The Hunger Games continues its successful run

It shouldn’t come as a surprise to anyone that The Hunger Games had a very successful second weekend after posting the third biggest opening in movie history with $152 million. 



While there were new films that came along for The Hunger Games’s second week, namely Wrath of the Titans and Mirror Mirror, they were no match for the long awaited adaptation of Suzanne Collins’s wildly popular young adult series.

 

In its second week in theaters, The Hunger Games pulled in $61.1 million, and there’s even a story on MTV.com that wonder if Games in its third week will “sink” the 3D conversion of Titanic. While $61.1 million is a 60% drop, it’s still not chickenfeed, and even with that drop it effortlessly beat out two new comers. 

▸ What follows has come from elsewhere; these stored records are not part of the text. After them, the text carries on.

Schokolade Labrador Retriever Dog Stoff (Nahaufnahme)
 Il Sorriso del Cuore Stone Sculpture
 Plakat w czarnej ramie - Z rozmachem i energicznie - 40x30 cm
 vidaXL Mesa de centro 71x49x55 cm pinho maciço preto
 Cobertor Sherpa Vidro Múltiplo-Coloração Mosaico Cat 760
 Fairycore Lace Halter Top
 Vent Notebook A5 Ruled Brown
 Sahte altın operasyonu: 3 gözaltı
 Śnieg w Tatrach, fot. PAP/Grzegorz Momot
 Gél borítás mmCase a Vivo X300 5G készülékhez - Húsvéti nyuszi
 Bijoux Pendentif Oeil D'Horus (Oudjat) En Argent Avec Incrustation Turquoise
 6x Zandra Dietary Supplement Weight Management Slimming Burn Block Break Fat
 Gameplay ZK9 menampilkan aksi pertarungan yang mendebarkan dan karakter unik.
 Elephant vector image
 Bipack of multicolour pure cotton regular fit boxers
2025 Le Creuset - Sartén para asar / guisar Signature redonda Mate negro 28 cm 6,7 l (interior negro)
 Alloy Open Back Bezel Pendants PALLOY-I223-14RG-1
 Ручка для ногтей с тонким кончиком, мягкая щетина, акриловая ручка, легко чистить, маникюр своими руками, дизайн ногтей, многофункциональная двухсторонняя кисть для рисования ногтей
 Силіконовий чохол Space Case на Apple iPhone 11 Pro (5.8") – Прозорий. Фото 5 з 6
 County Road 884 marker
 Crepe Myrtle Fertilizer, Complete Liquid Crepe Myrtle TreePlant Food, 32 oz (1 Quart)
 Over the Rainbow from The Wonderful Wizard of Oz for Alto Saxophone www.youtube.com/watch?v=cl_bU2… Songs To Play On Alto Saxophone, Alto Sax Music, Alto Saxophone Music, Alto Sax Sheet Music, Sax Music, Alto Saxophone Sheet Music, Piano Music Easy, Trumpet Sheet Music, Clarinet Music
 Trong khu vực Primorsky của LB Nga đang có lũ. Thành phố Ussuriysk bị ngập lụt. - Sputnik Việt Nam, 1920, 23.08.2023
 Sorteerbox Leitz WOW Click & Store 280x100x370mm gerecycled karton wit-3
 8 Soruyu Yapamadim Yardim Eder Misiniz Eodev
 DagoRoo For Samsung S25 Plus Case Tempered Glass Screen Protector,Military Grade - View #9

As Entertainment Weekly explains, this is the same level of box office drop that Iron Man 2 and Spider-Man 3, and it’s an even better drop off than, you guessed it, Twilight: Breaking Dawn, which went down 70% in its second week.

 

What also makes Hunger Games a box office landmark is it made $251 million in ten days. This is the same amount of time Pirates of the Caribbean: Dead Man’s Chest made $250 mil, and the only other films that made that much in less time were the last Harry Potter, Transformers: Revenge of the Fallen, which took nine days to reach that mark, and The Dark Knight, which made that amount in eight days.  



As the box office punditry puts it, this is also the fastest a “non-sequel” made this kind of money, and EW predicts it’s going to finish in the same range a little bit under the Pirates sequel, somewhere in the range of $375 million.


While we don’t know yet how much the movie’s impact is pushing book sales, there’s no doubt tons of books are going to move from the success of the film, and as we just reported on TG, sales of the Games books has put it in the same league as Twilight. 



The Hollywood Reporter reports that the current book sales are “bigger than expected,” and there’s 36.5 million copies of the series in print, a big jump from 23.5 million, putting it past Twilight, which has 30 million copies in print.